Sven sat that night in Margery’s kitchen and told Alice and Fred the whole story. The incident on the mountain ridge, how she had believed McCullough would come after her in revenge, how he had sat out on the porch for two long, cold nights with the rifle across his knees and Bluey at his feet until both were reassured that McCullough had surely slunk back to his falling-down cabin, probably with a sore head and too drunk to remember what the hell he had even done.

‘But you have to tell the sheriff!’ Alice said. ‘That means it was self-defence!’

‘You think that’s going to help her?’ said Fred. ‘The moment she says she slammed that book into him, they’ll treat it as a confession. She’ll get manslaughter at best. The smartest thing she can do just now is sit tight and hope they don’t have enough evidence to keep her in jail.’

Bail had been set at $25,000 – a sum nobody around there could get close to. ‘It’s the same sum they posted for Henry H. Denhardt, and he point-blank shot his own fiancée.’

‘Yup, except being a man, he had friends in high places who could post it for him.’

Nancy Stone had apparently wept when she heard what the sheriff’s men had done with her testimony. She had made her way down the mountain that evening – the first time she had done so in two years – banged on the door of the sheriff’s office and demanded that they let her retell herstory. ‘I said it all wrong!’ she said, and cursed, through her missing teeth. ‘I didn’t know you was gonna arrest Margery! Why, that girl has done nothing but good for me and my sister – for this town, hang you, and that’s how you’re going to repay her?’

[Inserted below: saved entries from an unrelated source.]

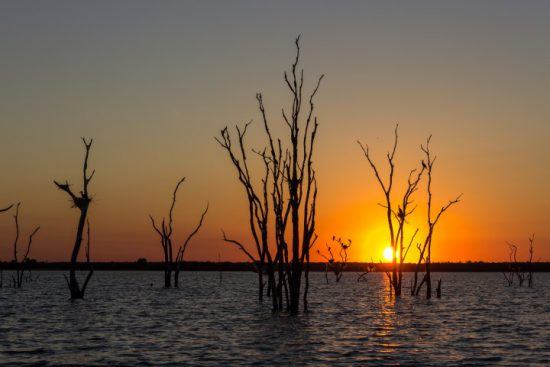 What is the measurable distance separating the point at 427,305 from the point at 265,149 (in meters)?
17.9

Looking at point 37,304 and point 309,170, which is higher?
point 309,170

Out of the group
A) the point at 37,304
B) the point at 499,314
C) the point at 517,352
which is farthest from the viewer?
the point at 37,304

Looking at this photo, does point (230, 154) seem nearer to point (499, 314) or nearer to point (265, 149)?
point (265, 149)

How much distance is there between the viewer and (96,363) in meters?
19.6

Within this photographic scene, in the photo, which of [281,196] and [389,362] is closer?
[389,362]

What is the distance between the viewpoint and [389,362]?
65.6 ft

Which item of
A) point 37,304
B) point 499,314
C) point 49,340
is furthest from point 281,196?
point 37,304

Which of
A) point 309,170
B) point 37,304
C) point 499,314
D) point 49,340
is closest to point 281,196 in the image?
point 309,170

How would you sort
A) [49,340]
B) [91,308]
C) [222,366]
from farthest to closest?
[91,308] → [49,340] → [222,366]

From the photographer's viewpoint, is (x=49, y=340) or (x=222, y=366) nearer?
(x=222, y=366)

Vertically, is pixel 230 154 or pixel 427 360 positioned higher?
pixel 230 154

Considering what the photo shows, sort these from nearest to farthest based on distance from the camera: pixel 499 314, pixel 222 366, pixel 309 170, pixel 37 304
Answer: pixel 222 366 < pixel 309 170 < pixel 499 314 < pixel 37 304

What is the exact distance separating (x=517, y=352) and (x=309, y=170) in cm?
949

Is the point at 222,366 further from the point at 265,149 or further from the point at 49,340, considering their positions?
the point at 265,149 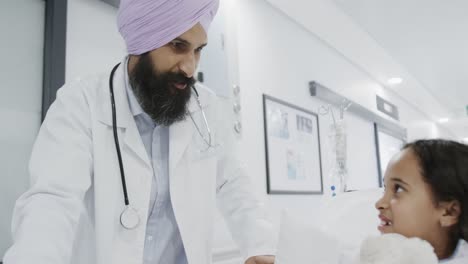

There had indeed been a murmur of unease around town at the news of the arrest. But murder was murder, and the McCulloughs and the O’Hares had been the death of each other for generations so far back that nobody could even remember how it all started, just like the Cahills and the Rogersons, and the two branches of the Campbell family. No, Margery O’Hare had always been an odd one, contrary since she could walk, and that was just the way these things went sometimes. She could certainly be cold-hearted too – why, didn’t she sit stone-faced at her own daddy’s funeral without shedding a tear? It didn’t take long for the endless seesaw of public opinion to begin to wonder whether maybe there was something of the devil in her after all.

Down in the low-lying little town of Baileyville, deep in the south-eastern reaches of Kentucky, the light disappeared slowly behind the hills and not long after, in little houses along Main Street and dotted among the mountains and hollers, the oil lamps flickered and went out, one by one. Dogs called to each other, their howls bouncing off the hillsides, to be scolded by exhausted owners. Babies cried and were, sometimes, comforted. Old people lost themselves in memories of better times and younger ones in the comforts of each other’s bodies, hummed along to the wireless or the distant playing of somebody else’s fiddle.

Kathleen Bligh, high in her cabin, pulled her sleeping children close, their soft, yeasty heads like bookmarks on each side of her, and thought of a husband with shoulderslike a bison and a touch so tender it could make her weep happy tears.

Three miles north-west in a big house on a manicured lawn, Mrs Brady tried to read another chapter of her book while her daughter sang muffled scales in her bedroom. She put the book down with a sigh, saddened by the way life never quite turned out how you hoped it would, and wondered how she was going to explain this one to Mrs Nofcier.

Across from the church, Beth Pinker sat reading an atlas on her family’s back porch and smoking her grandmother’s pipe, thinking about all the people she would like to hurt, Geoffrey Van Cleve being high on that particular list.